À ceux las qui écrivent pour être sauvés (Paulhan), immortels au foyer de l’instant (Saint -John Perse), qui tambourinent avec leurs doigts sur la vitre de l’existence (Germain Nouveau), dans un monde tout de mesure que les vagues du temps lèchent sans mouiller (Sureau).  Ils se reconnaitront.

Seuls là qui dévalent la pente du néant (Ducasse), dans l’autre sens que Sisyphe. Abrutis par l’absurdité de leur vie (Camus), ils cherchent leur voix au milieu des décombres (Heidegger, oups). Ils cherchent des preuves de leur existence (Badal - Leguil), pour en déduire le suicide logique (le Kirillov de Dostoïevski). Mais ils se ravisent, pris de vertige. Savoir qu’on a plus rien à espérer n’empêche pas de continuer à attendre (Proust).

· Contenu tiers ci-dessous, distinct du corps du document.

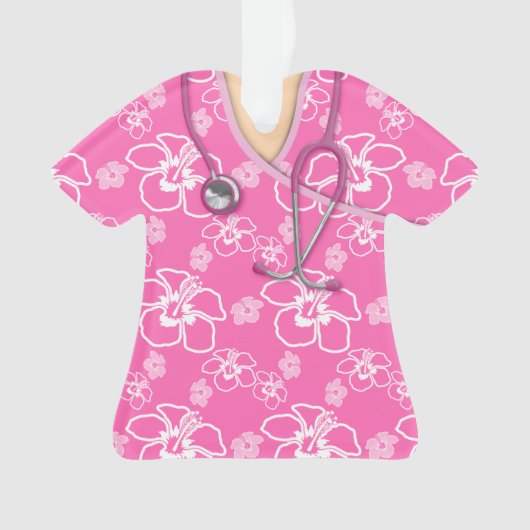 Roze en witte medische kruiden ornament (voorkant)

Qui sont ces gens vraiment ? Sont – ils des gens vraiment ? Ils n’opposent aucune résistance aux cours des évènements. La flèche du temps les transperce de toute part, mais ils ne mouftent pas. Ils ne sont pas morts pour autant. Mais leur expression du vivant est bien minable. Ces vivants là rêvent et respirent, mais ce sont les seules choses qu’ils font de plus que les morts. Ils sont juste posés là, sur la bande passante de leur existence.

Comment font – ils pour ne rien espérer ? Ils semblent avoir compris quelque chose d’insupportable. Comme un soleil impossible à regarder en face. Une lumière aveuglante qui les rend sourds à toute tentative de donner un sens à leur vie. Plus rien ne doit les détourner de leur non-quête. Tout ce qui redonne le sourire est une défaite de l’esprit. Jamais la volonté ne doit l’emporter sur l’errance. L’espoir est une sale manie du présent.

Et surtout éviter le piège de l’imbécile hagard. Celui qui ne se fait pas assez de soucis pour sortir du stade mollusque (Jankélévitch).

 Je viens je ne sais d’où

Je suis je ne sais qui

Je meurs je ne sais quand

Je vais je ne sais où

Je m’étonne d’être aussi joyeux

Martinus von Biberach

Être heureux, ce n'est pas bon signe, c'est que le malheur a manqué le coche, il arrivera par le suivant (Aymé). Être angoissé, voilà qui est plus raisonnable. C’est la façon d’un homme saint d’esprit d’être dément, c’est-à-dire d’avoir peur sans cause (encore Jankélévitch).

Suis – je des vôtres ? Je ne vous ai jamais vus. Mais c’est comme si je vous connaissais depuis toujours.